-- Task --
Please write out all of the records below exactly as they appear.

-- Entries supplied --
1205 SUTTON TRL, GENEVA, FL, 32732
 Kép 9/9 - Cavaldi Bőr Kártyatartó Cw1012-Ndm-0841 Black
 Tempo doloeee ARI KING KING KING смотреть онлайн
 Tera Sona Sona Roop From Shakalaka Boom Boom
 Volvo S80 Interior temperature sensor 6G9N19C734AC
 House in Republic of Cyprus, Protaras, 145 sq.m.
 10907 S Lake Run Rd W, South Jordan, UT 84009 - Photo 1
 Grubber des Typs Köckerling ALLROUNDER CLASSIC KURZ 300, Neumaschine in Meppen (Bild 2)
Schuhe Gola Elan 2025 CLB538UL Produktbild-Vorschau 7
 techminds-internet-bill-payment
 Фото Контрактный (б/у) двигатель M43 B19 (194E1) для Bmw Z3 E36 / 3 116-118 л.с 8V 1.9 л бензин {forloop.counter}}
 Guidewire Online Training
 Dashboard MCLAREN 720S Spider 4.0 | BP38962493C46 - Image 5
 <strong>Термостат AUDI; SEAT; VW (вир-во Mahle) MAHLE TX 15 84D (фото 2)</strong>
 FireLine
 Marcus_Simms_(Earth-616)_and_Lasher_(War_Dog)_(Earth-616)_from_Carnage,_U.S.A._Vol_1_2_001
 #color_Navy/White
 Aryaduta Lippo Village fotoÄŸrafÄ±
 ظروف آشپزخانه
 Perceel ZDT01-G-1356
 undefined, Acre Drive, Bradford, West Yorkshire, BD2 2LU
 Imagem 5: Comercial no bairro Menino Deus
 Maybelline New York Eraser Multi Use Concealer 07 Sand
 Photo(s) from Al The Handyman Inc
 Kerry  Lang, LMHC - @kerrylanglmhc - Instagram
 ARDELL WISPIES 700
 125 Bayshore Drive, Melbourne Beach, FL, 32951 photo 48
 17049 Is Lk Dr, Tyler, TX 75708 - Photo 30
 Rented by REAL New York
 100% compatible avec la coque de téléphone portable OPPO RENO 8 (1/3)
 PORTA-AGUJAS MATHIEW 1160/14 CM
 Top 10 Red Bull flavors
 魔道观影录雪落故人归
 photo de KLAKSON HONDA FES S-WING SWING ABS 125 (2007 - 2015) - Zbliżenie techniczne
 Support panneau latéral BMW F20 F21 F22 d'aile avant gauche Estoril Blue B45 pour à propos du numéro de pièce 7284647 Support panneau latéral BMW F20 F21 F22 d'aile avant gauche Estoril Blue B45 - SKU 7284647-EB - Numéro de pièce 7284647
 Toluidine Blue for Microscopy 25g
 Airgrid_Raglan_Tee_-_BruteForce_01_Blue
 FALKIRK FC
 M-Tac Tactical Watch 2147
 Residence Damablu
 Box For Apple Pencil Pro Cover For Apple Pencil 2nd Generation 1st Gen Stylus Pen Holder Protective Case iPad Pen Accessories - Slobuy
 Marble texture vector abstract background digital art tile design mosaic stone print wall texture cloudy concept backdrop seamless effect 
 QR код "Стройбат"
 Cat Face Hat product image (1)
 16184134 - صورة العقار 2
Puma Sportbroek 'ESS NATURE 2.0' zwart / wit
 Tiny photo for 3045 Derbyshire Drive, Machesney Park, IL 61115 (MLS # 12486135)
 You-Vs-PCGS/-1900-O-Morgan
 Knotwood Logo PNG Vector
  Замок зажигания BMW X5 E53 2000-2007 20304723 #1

-- Solution --
1205 SUTTON TRL, GENEVA, FL, 32732
 Kép 9/9 - Cavaldi Bőr Kártyatartó Cw1012-Ndm-0841 Black
 Tempo doloeee ARI KING KING KING смотреть онлайн
 Tera Sona Sona Roop From Shakalaka Boom Boom
 Volvo S80 Interior temperature sensor 6G9N19C734AC
 House in Republic of Cyprus, Protaras, 145 sq.m.
 10907 S Lake Run Rd W, South Jordan, UT 84009 - Photo 1
 Grubber des Typs Köckerling ALLROUNDER CLASSIC KURZ 300, Neumaschine in Meppen (Bild 2)
Schuhe Gola Elan 2025 CLB538UL Produktbild-Vorschau 7
 techminds-internet-bill-payment
 Фото Контрактный (б/у) двигатель M43 B19 (194E1) для Bmw Z3 E36 / 3 116-118 л.с 8V 1.9 л бензин {forloop.counter}}
 Guidewire Online Training
 Dashboard MCLAREN 720S Spider 4.0 | BP38962493C46 - Image 5
 <strong>Термостат AUDI; SEAT; VW (вир-во Mahle) MAHLE TX 15 84D (фото 2)</strong>
 FireLine
 Marcus_Simms_(Earth-616)_and_Lasher_(War_Dog)_(Earth-616)_from_Carnage,_U.S.A._Vol_1_2_001
 #color_Navy/White
 Aryaduta Lippo Village fotoÄŸrafÄ±
 ظروف آشپزخانه
 Perceel ZDT01-G-1356
 undefined, Acre Drive, Bradford, West Yorkshire, BD2 2LU
 Imagem 5: Comercial no bairro Menino Deus
 Maybelline New York Eraser Multi Use Concealer 07 Sand
 Photo(s) from Al The Handyman Inc
 Kerry  Lang, LMHC - @kerrylanglmhc - Instagram
 ARDELL WISPIES 700
 125 Bayshore Drive, Melbourne Beach, FL, 32951 photo 48
 17049 Is Lk Dr, Tyler, TX 75708 - Photo 30
 Rented by REAL New York
 100% compatible avec la coque de téléphone portable OPPO RENO 8 (1/3)
 PORTA-AGUJAS MATHIEW 1160/14 CM
 Top 10 Red Bull flavors
 魔道观影录雪落故人归
 photo de KLAKSON HONDA FES S-WING SWING ABS 125 (2007 - 2015) - Zbliżenie techniczne
 Support panneau latéral BMW F20 F21 F22 d'aile avant gauche Estoril Blue B45 pour à propos du numéro de pièce 7284647 Support panneau latéral BMW F20 F21 F22 d'aile avant gauche Estoril Blue B45 - SKU 7284647-EB - Numéro de pièce 7284647
 Toluidine Blue for Microscopy 25g
 Airgrid_Raglan_Tee_-_BruteForce_01_Blue
 FALKIRK FC
 M-Tac Tactical Watch 2147
 Residence Damablu
 Box For Apple Pencil Pro Cover For Apple Pencil 2nd Generation 1st Gen Stylus Pen Holder Protective Case iPad Pen Accessories - Slobuy
 Marble texture vector abstract background digital art tile design mosaic stone print wall texture cloudy concept backdrop seamless effect 
 QR код "Стройбат"
 Cat Face Hat product image (1)
 16184134 - صورة العقار 2
Puma Sportbroek 'ESS NATURE 2.0' zwart / wit
 Tiny photo for 3045 Derbyshire Drive, Machesney Park, IL 61115 (MLS # 12486135)
 You-Vs-PCGS/-1900-O-Morgan
 Knotwood Logo PNG Vector
  Замок зажигания BMW X5 E53 2000-2007 20304723 #1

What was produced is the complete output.